Brianna sniffed and nodded. Carly used the hem of her shirt to dry her tears, leaving a swath of clean across her daughter’s dusty face. She folded the skinny child into her arms for a hug.
“Why don’t you check and make sure all the animals have clean water?” Carly looked at her watch. She needed to shower and get to her first appointment by nine, and she’d have to squeeze a stop at the Fisher place into her schedule.
“Okay, Mama. Prince Eric probably wants to go outside to play anyway.” Nothing made Brianna happier than caring for her grandmother’s motley crew of rejected livestock. Carly stayed close to her daughter. Prince Eric might only be the size of a large dog, but he was horned, agile, and mischievous.

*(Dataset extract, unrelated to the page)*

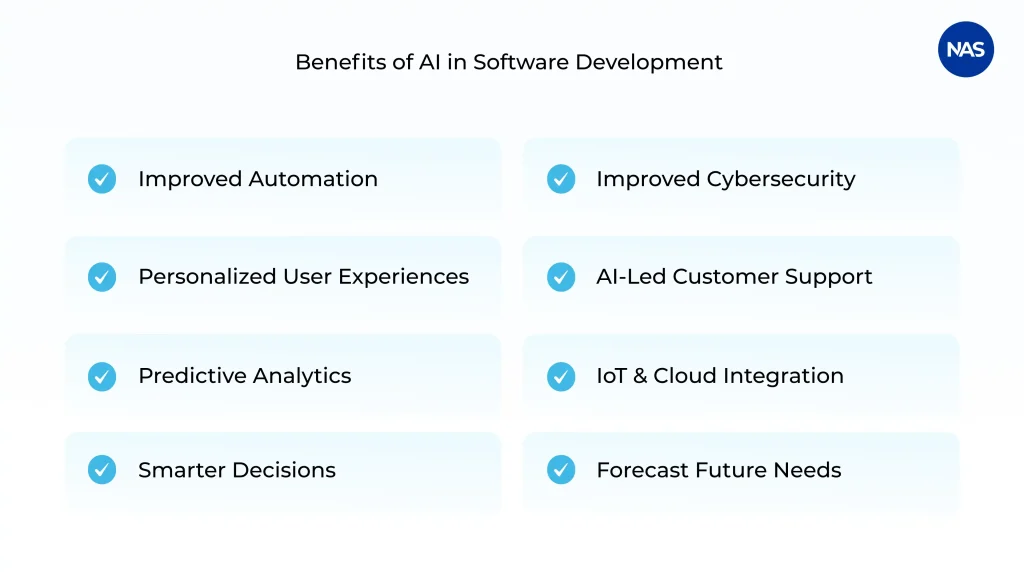 Infographic listing key benefits of using AI in software development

Once the goat was caught, Carly dialed Seth. His phone went to voice mail without ringing. He was probably on duty. Seth’s unavailability had been just one of the many issues that had ground their marriage down to its sensitive root. In his eyes, his job as an investigator for the Rogue County Sheriff’s Department was always more important than her work. But Carly didn’t believe that. What could be more critical than kids who had no one to protect them?
“How are my girls?” Carly’s mom, Patsy, stood in the doorway, her petite body silhouetted against the morning sun. Despite a flowy flowered top draped over a loose cotton skirt, Carly could see her mom had lost some weight since her dad’s death.
“We’re almost finished out here,” Carly said. Taking care of the barn chores was the only way she could thank her mom for providing child care now that school was out for the summer.
“Thanks for mucking out the pens.” Patsy stepped into the dim barn. Under a wide-brimmed floppy hat, her long, curly hair hung loose around her shoulders. “What happened to your face?”
Carly touched the bruise on her chin. “It was an accident.”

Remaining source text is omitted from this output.